Born in Lodz, Poland, in 1947, Mark Prent immigrated to Canada with his parents as an infant and settled down in Montreal.

As a young artist at Concordia University, Prent developed new techniques to imbue his otherworldly sculptures with visceral verisimilitude. For example, Sue Prent said he developed a method of "reverse painting" involving gradations of coloured coats to recreate the translucency of flesh.

Like a figurative Dr. Frankenstein, Prent's pieces often stitched together an array of anatomical horrors — screaming faces, exposed innards, multi-limbed mutations and forms so unsettling they seem to defy description.

The cognoscenti of the art world embraced Prent as a visionary of grotesquery, doling out honours including 17 Canada Council grants and a Guggenheim Fellowship, and exhibiting his works across the globe.

Collectors in the art market, however, were initially not as enchanted with Prent's monstrous whimsicality.

"All those years he worked, he never changed his style. It didn't matter if it doesn't sell," said Toronto gallerist Phillip Gevik. "Not a lot of people were interested because of the subject matter."

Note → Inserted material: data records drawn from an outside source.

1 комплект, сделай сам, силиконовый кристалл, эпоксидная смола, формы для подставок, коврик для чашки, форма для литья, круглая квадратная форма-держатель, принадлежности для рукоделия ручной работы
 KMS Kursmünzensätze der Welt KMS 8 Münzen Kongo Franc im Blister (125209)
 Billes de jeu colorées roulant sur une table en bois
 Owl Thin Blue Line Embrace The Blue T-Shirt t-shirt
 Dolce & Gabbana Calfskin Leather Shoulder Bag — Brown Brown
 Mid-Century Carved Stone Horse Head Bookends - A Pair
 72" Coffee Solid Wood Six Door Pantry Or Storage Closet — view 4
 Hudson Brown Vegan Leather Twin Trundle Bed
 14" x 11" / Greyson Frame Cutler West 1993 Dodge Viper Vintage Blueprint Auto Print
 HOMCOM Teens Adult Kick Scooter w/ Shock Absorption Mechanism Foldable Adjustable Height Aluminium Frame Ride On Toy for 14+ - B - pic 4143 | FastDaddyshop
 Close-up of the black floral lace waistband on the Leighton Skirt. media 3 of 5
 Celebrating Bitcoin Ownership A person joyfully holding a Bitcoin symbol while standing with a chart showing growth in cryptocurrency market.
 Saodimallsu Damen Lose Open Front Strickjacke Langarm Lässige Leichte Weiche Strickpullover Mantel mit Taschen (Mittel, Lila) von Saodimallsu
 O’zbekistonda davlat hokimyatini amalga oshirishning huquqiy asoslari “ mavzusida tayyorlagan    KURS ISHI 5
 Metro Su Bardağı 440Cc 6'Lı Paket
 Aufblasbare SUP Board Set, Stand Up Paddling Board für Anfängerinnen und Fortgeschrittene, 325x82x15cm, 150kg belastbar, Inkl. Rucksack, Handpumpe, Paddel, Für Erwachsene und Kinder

But Prent's surreal sensibility earned him a few notable fans in the film scene. His pieces have appeared in exhibitions curated by directors Guillermo del Toro, David Cronenberg and Harmony Korine.

"His work was very cinematic," Sue Prent said. "He always used to say he would like to do film, because he felt like that was a medium he would be well suited to."

After a short stint in Germany, Prent and his family settled down in Vermont in the early 1980s, so they could afford more space for a home studio, his wife said. He split his time between there and Montreal so he could teach at his alma mater, Concordia.

For all his notoriety as a preternatural provocateur, Sue Prent said her husband was a jovial personality.

His goal was never to disturb, she said, but to intrigue.

"His work did not spring from preconceived ideas ... The narratives grew out of the process. It was like a mystery tour," she said.

"They basically came out of a dream world. And I think they just reach people very viscerally."

Prent leaves behind his wife and their son, Jesse.

This report by The Canadian Press was first published Sept. 11, 2020.

Adina Bresge, The Canadian Press

Note to readers: This is a corrected story. A previous version said Prent's first solo show at the Isaacs Gallery was in 1973. In fact, it was in 1972.